Becoming Human: Steve Guthrie on Spirituality

For many Christian people, spirituality is set against our humanity.  In order to become more spiritual, we must lose ourselves, our desires, our identities, and become more like some abstract idealized vision of what God wants for us and from us.

This is not at all a biblical vision of spirituality.  God’s original intention for humanity was to grow up into and fill out all that it meant to be human.  In our brokenness, we’ve become pathetic and perverted caricatures of true humanity.  In salvation, God does not remove us from our humanity, but is at work in Christ and by the Spirit to restore our humanity.  Spirituality, then, involves our participation with God in this restorative process.

Creator Spirit, Steven R. Guthrie, 978-0-8010-2921-9

Steve Guthrie says it this way in his book Creator Spirit: The Holy Spirit and the Art of Becoming Human:

[T]he spiritual is not opposed to the human.  Quite the opposite.  There is in fact a deep and intimate connection between Spirit-uality (the work of God’s Holy Spirit) and our own deepest and truest humanity.  We might even say that the Holy Spirit is the humanizing Spirit, the breath of God that transforms dust into a living soul.  The work of the Holy Spirit is to fulfill, complete, create, and re-create our humanity, remaking us after the perfect humanity of Jesus Christ (pp. 34-35).

I am so thoroughly enjoying Steve’s book and will likely have much to say about it in the next few weeks.  It’s quite wide-ranging, very well-written, and entirely readable.  It’s an exploration of the arts through the lens of the Holy Spirit, and a theology of the Spirit through the lens of the arts.

5 thoughts on “Becoming Human: Steve Guthrie on Spirituality

  1. David Moser

    Very interesting. I’ve seen so many young Christians (including myself at times) get thrown into disastrous patterns of anxiety and worry because they aren’t doing what the Christian songs say they should be doing (emptying me, wanting more of You… etc.) I used to sit in the pew and wonder, “Worship leader/pastor, how the heck am I supposed to do that? Empty myself of my desires? What?” I want to get married to my girlfriend. Is that desire from God? How do I know? … So goes the cycle of analysis/anxiety and torment.

    It seems that, if Guthrie is right, the fulfillment of our desires does not come by self-actualization but by “Christ-ization” where our lives/desires/what makes us human are fulfilled through the Spirit. Looking forward to seeing what you post on this topic.

    1. timgombis

      Hey David, I’m not sure that he’ll get into some of these specifics, but the book provides a richer way of conceiving of the Spirit’s work and provides great resources to critique poor and, frankly, harmful visions of spirituality. There are several major points he’s made in the first few chapters that would inform this very point, but I’m still formulating my thoughts in response to his provocative work.

  2. Tony M

    Great post. Thanks for sharing these wonderful thoughts. One quick thought/question of my own below.

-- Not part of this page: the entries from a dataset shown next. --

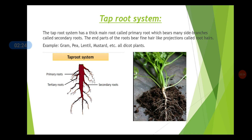All of you must have eaten carrot, radish, turnip, or beetroot. The carrot stores food, the radish also stores food — these are the main roots that you see, and they belong to the tap root system. The tap root system has a thick main root called the primary root. This primary root bears many side branches which are called the secondary roots.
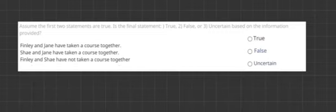Assume the first two statements are true. Is the final statement true, false, or uncertain based on the information provided? So we're going to simplify our first two statements and then we're going to see if our final statement matches up with it.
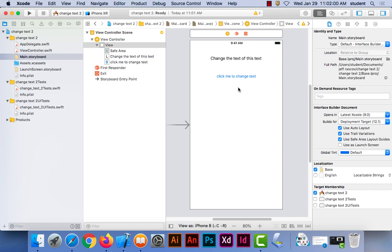Go over to the label, drag the label out, double-click on it, and change the text. Click outside, drag it towards the top in the middle. Then drag the button out and you can leave the button in the middle. That's where we're at.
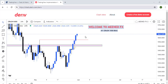Good day, everyone. I believe your day has been great. So quickly, someone in the general group said I should share my bias on Crash 1000, and that's what I'm doing in this video.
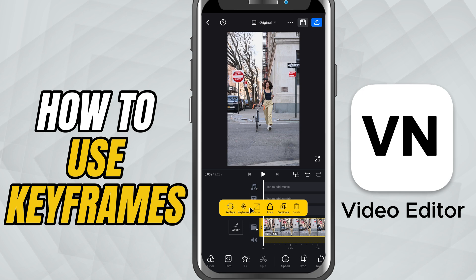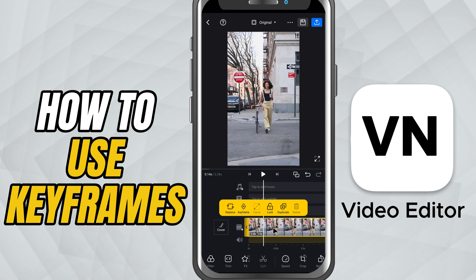Move the playhead to the spot where you want your animation to begin, and tap the keyframe icon to set your first keyframe. Now change the clip's position, scale, or rotation. This marks the starting point of your animation.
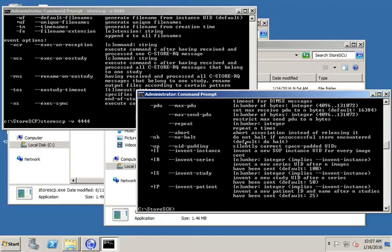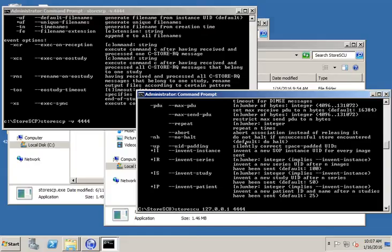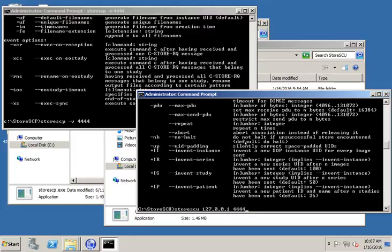So now I'm going to run the storeSCU command. And once again, if you just run the command, it'll show you the options. I know that the options that I want to run are, actually we're not going to run any options this time. I'm just going to pass it a file name and see if it'll send the file. So I know the IP address I want to send to is 127.0.0.1, and my port number is 4444. By the way, I'm using 127.0.0.1, which is the local loopback. That always works when you're sending to the same machine. But I could just as easily put the real IP address of my machine. That would work as well. And if I were sending to a device on another machine, of course I would have to put the other machine's IP address in there.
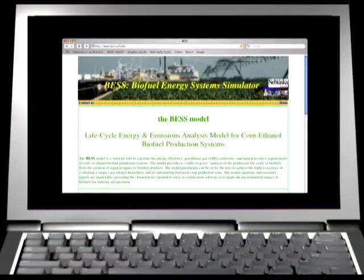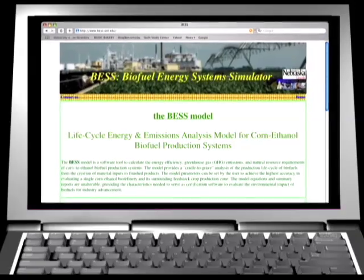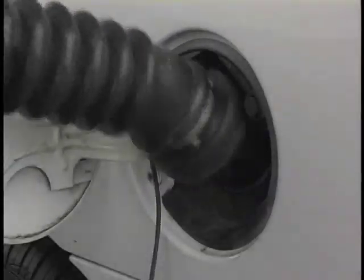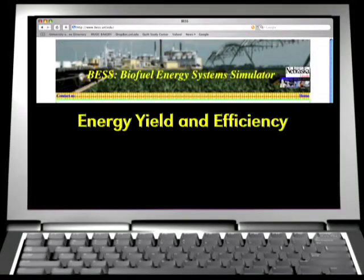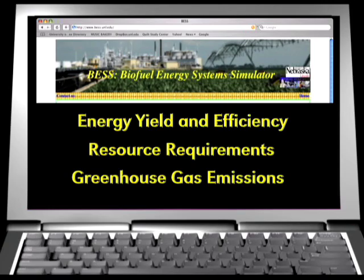The Biofuel Energy System Simulator, or BESS, analyzes each step of production from seed to finished product. The software tool calculates energy yield and efficiency, resource requirements, and greenhouse gas emissions. They're very interested in asking how to optimize the entire life cycle production of biofuels, from crop production to ethanol conversion and the use of crop products, to maximize the reduction of greenhouse gases.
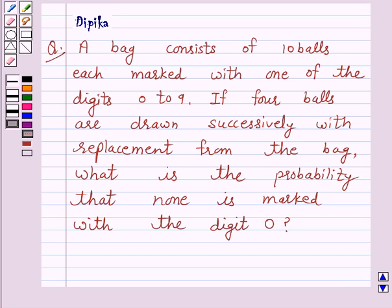Hello, welcome to the session. I am Deepika here. Let's discuss the question.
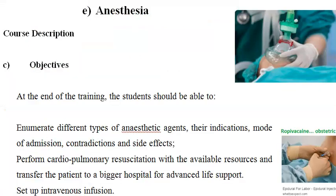Anesthesia is a huge subject. In this video we have tried to give you a brief introduction into anesthesia for MBBS students. That's all for now, bye-bye.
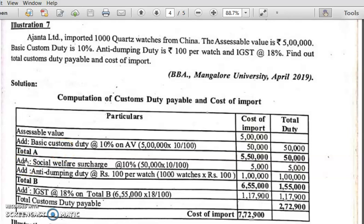In the second part, we add social welfare surcharge at 10%. Remember, social welfare surcharge at 10% is calculated not on the assessable value but on subtotal A — that is, on the total duty. Subtotal A total duty is 50,000, so 50,000 into 10% equals 5,000.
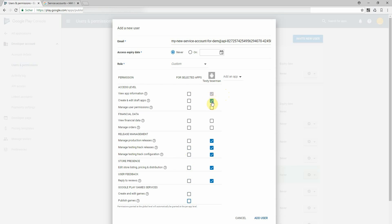I don't need to create or edit or draft apps. I won't need any financial data. I don't want to have the release management in here and I don't want to reply on reviews.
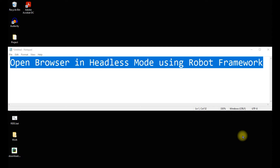Hello friends, welcome to the channel Dev DBQA. In today's video we will see how we can open the browser in headless mode using the Robot Framework. We will see how we can open the Firefox browser and the Chrome browser in headless mode using the Robot Framework.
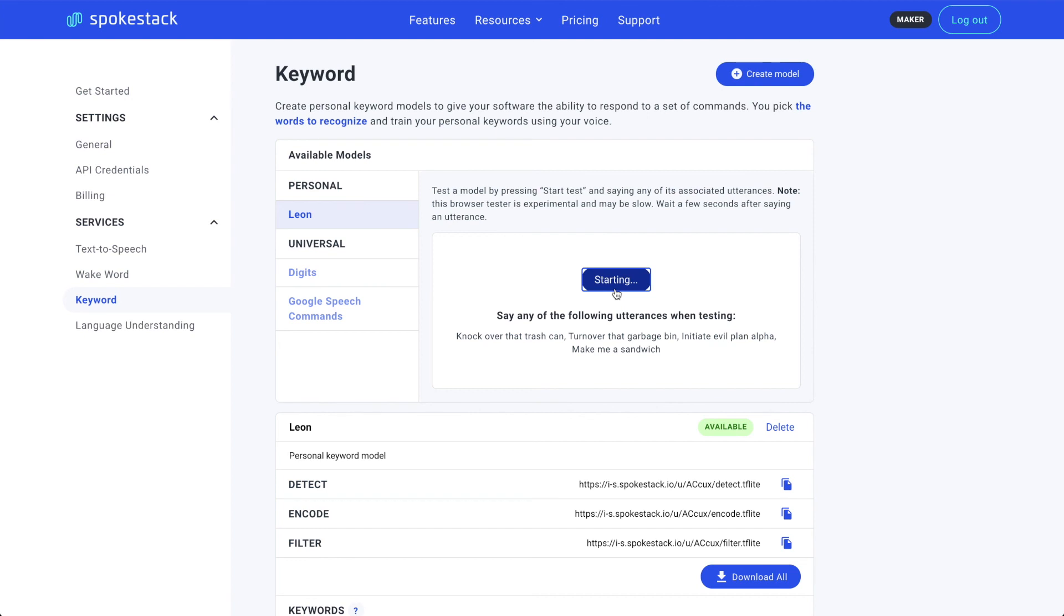Let's make sure that he can hear me. Initiate evil plan alpha. Great. Confidence level of 99.8%. Wonderful.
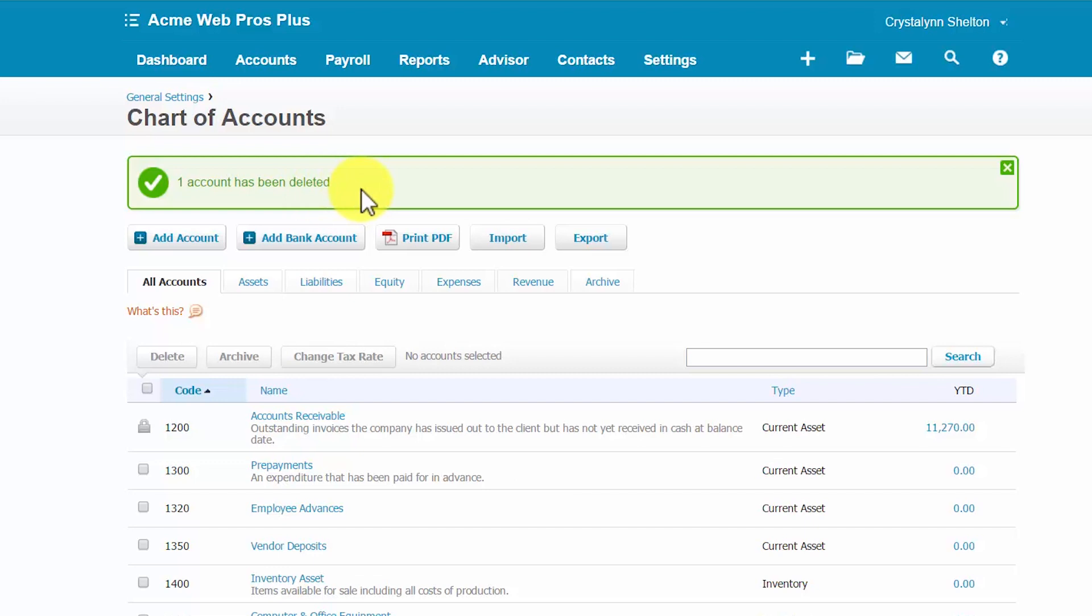And you should have a message similar to this one that says account has been deleted successfully. As we discussed earlier, you cannot delete an account that has been used in a transaction, but you can archive it. This is the equivalent of making an account inactive in QuickBooks.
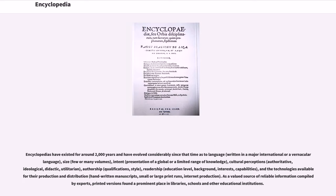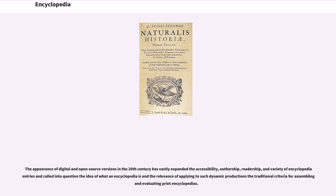Encyclopedias have existed for around 2,000 years and have evolved considerably since that time as to language, written in a major international or vernacular language, size, intent, presentation of a global or limited range of knowledge, cultural perceptions, authorship, style, readership, and the technologies available for their production and distribution — from handwritten manuscripts to small or large print runs, to internet production. As a valued source of reliable information compiled by experts, printed versions found a prominent place in libraries, schools and other educational institutions. The appearance of digital and open source versions in the 20th century has vastly expanded the accessibility, authorship, readership, and variety of encyclopedia entries, and called into question the idea of what an encyclopedia is and the relevance of applying traditional criteria for assembling and evaluating print encyclopedias.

    “In salvation, God does not remove us from our humanity, but is at work in Christ and by the Spirit to restore our humanity.”

    I wonder if perhaps a more comprehensive way of summing or stating this might be something like “…but is at work in Christ and by the Spirit to restore the image of God within us.” I’m not sure that God is simply restoring our humanity in salvation, though this is definitely a good portion of it. It just seems that the restoration of the image of God is a more complete summation than the restoration of our humanity. Though it would seem that contra to salvation, hell would be something like the removal of our humanity/image of God we have rejected.

    Do you see our humanity as being one-in-the-same as our being made in the image of God or is there more to the story?

    1. timgombis

      Thanks for this, Tony. Yes, our humanity–according to God’s created intention–includes the notion of our being in the image of God. Or, we could say that they’re precisely the same thing–they’re synonymous.

      Our humanity is perverted at the fall and this is what God is restoring. God is reclaiming and restoring our being in God’s image, or our humanity, and this has to do with the various facets of that–our relation to God, our relations to one another, and our relations to the creation and animals.